§ Crawled caption data
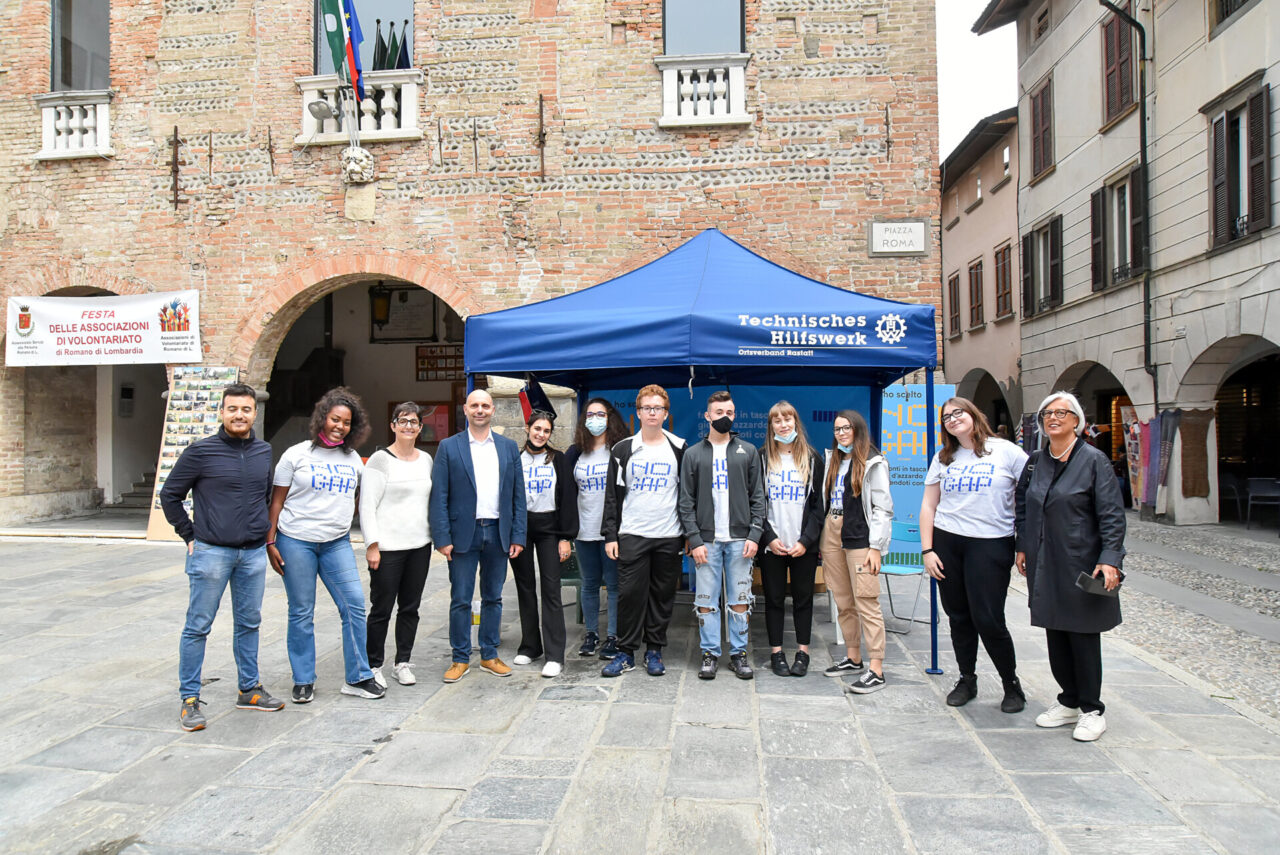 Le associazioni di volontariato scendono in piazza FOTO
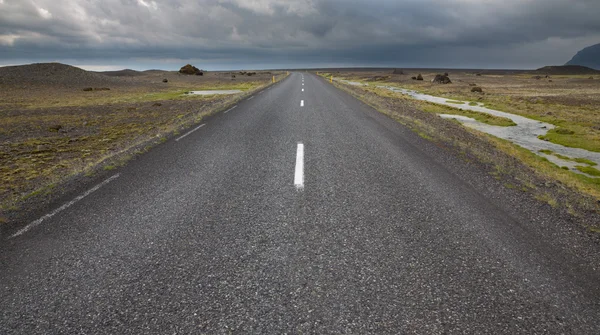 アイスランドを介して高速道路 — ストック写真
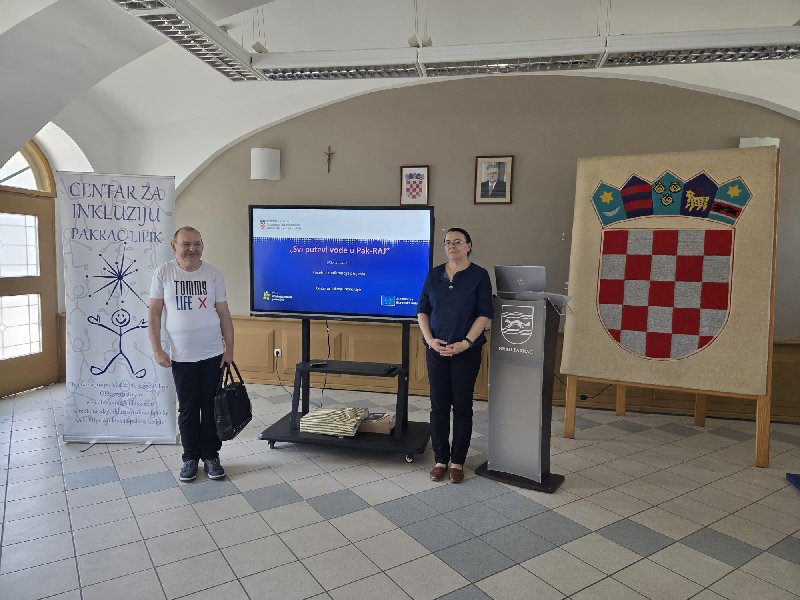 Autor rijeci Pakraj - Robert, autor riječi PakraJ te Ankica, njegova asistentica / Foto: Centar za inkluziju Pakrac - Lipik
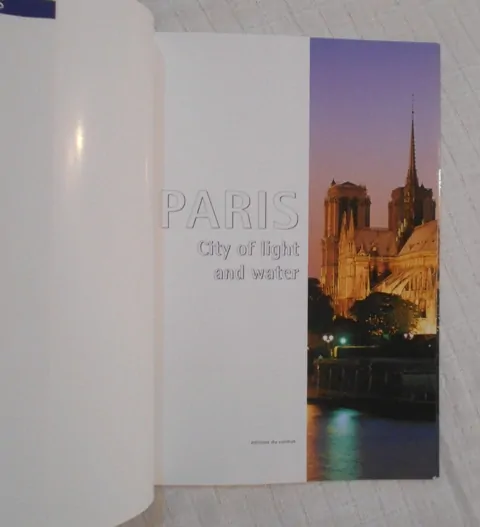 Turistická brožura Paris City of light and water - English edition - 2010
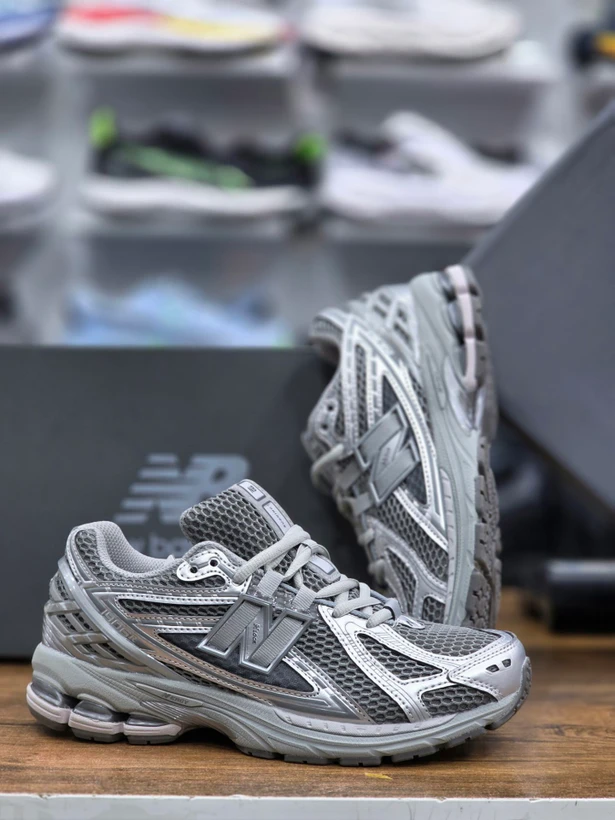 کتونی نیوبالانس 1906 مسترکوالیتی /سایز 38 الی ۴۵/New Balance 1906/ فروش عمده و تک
...
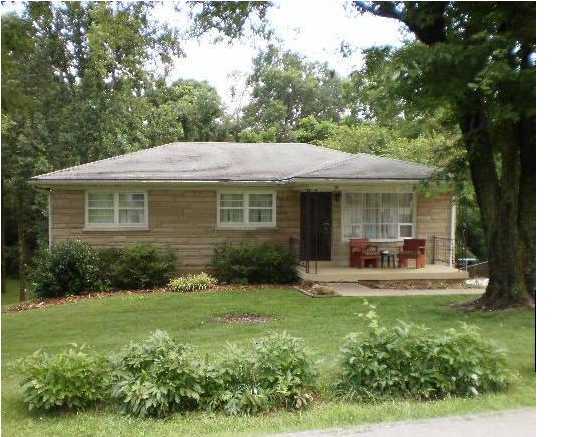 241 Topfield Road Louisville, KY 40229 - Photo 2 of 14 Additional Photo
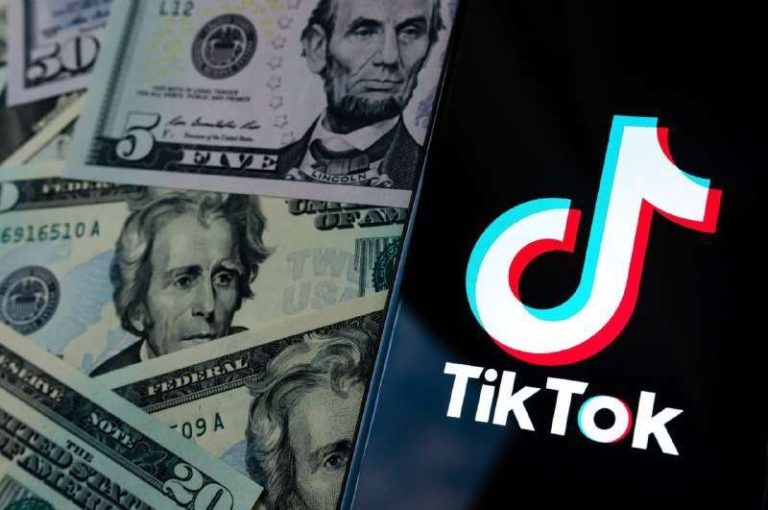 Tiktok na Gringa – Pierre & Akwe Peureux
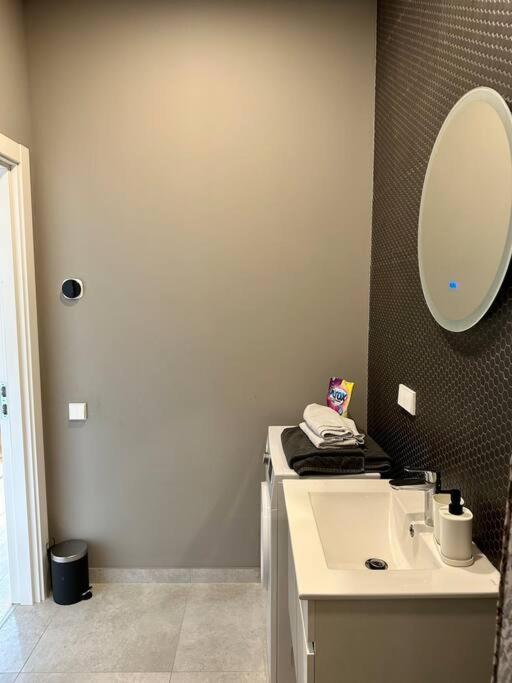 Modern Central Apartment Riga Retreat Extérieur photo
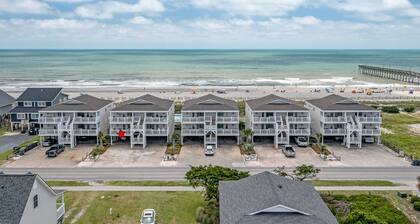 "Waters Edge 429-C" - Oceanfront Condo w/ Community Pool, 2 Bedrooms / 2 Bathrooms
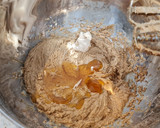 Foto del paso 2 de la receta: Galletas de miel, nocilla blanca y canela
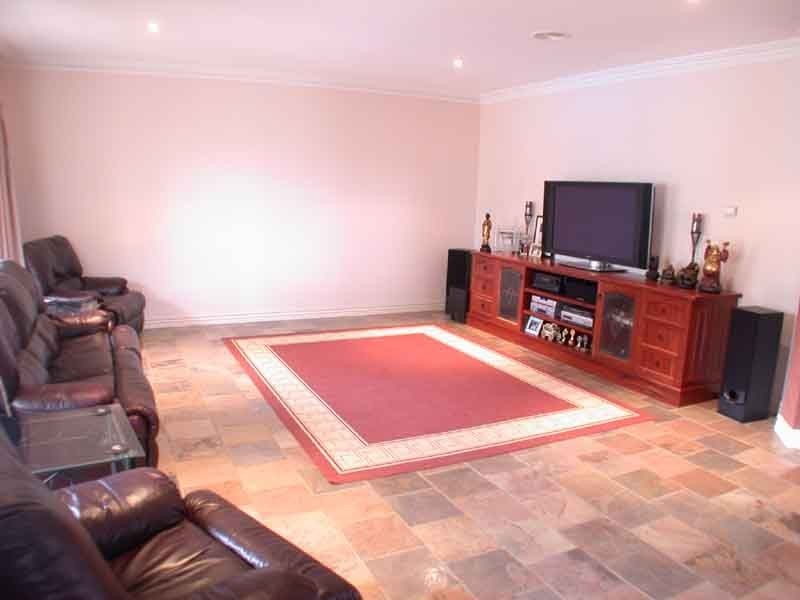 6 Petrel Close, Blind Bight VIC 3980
--
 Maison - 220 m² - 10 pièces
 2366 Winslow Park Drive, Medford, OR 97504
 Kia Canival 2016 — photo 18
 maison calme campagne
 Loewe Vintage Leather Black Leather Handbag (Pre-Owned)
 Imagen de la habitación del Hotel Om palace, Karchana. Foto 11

§ REQUIRED ACTION
Repeat only the stretch of data above that runs from the line with "Modern Central Apartment" to the line with "6 Petrel Close, Blind Bight VIC 3980". Keep both end lines; exclude pictures.

§ REPLY TO THE TASK
 Modern Central Apartment Riga Retreat Extérieur photo
 "Waters Edge 429-C" - Oceanfront Condo w/ Community Pool, 2 Bedrooms / 2 Bathrooms
 Foto del paso 2 de la receta: Galletas de miel, nocilla blanca y canela
 6 Petrel Close, Blind Bight VIC 3980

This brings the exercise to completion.